We have the following equations:
m = c₁ + c₂ * t²
m₀ = c₁ + c₂ * (2)² = c₁ + 4c₂ = 40
When t = 4mm,
m = c₁ + c₂ * (4)² = c₁ + 16c₂ = 100
Subtracting the equation for m₀ from the equation for m when t = 4mm, we get:
c₁ + 16c₂ - (c₁ + 4c₂) = 100 - 40
12c₂ = 60
c₂ = 5
Substituting c₂ = 5 into the equation for m₀, we have:
c₁ + 4(5) = 40
c₁ + 20 = 40
c₁ = 20
Therefore, when t = 7mm, the value of m is:
m = c₁ + c₂ * (7)² = 20 + 5 * 49 = 20 + 245 = 265g
So, when t = 7mm, the value of m is 265g.

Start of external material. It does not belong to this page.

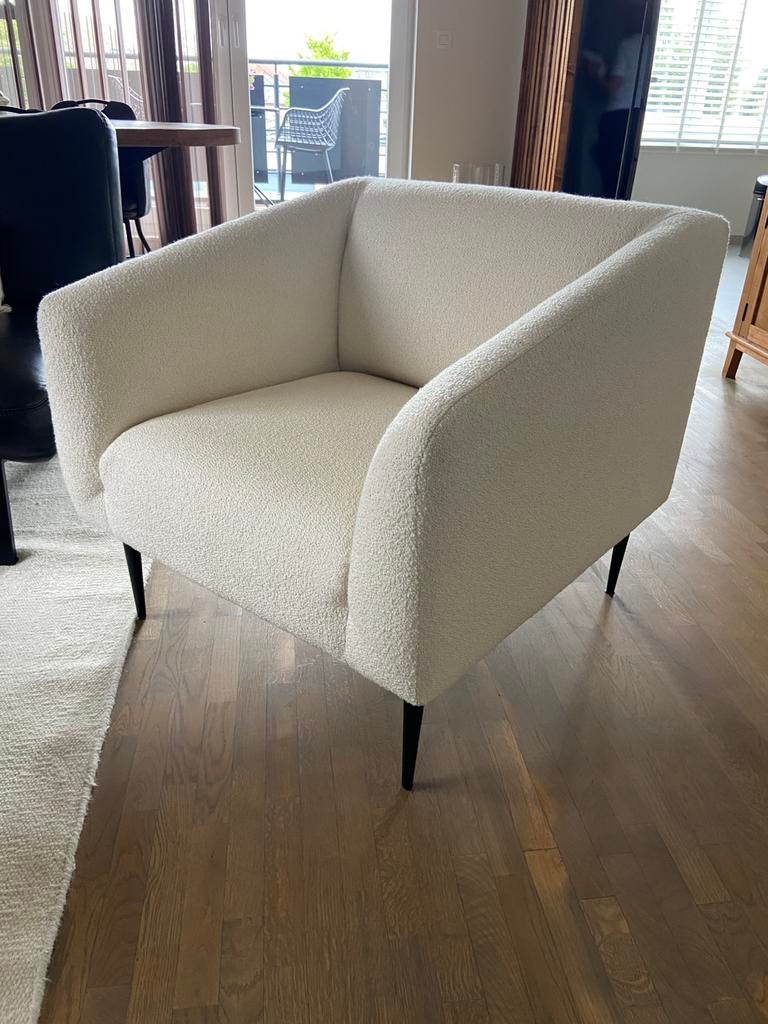 Fauteuil Dome Deco, Enlèvement, Comme neuf, Tissus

5) To make n the subject of the formula m = 3^√(ax - n) / (w - n), we can follow these steps:
Multiply both sides of the equation by (w - n):
m * (w - n) = 3^√(ax - n)
Take the logarithm (base 3) of both sides of the equation:
log₃(m * (w - n)) = √(ax - n)
Square both sides of the equation:
[log₃(m * (w - n))]² = ax - n
Rearrange the equation to isolate n:
n = ax - [log₃(m * (w - n))]²
Therefore, n is the subject of the formula n = ax - [log₃(m * (w - n))]².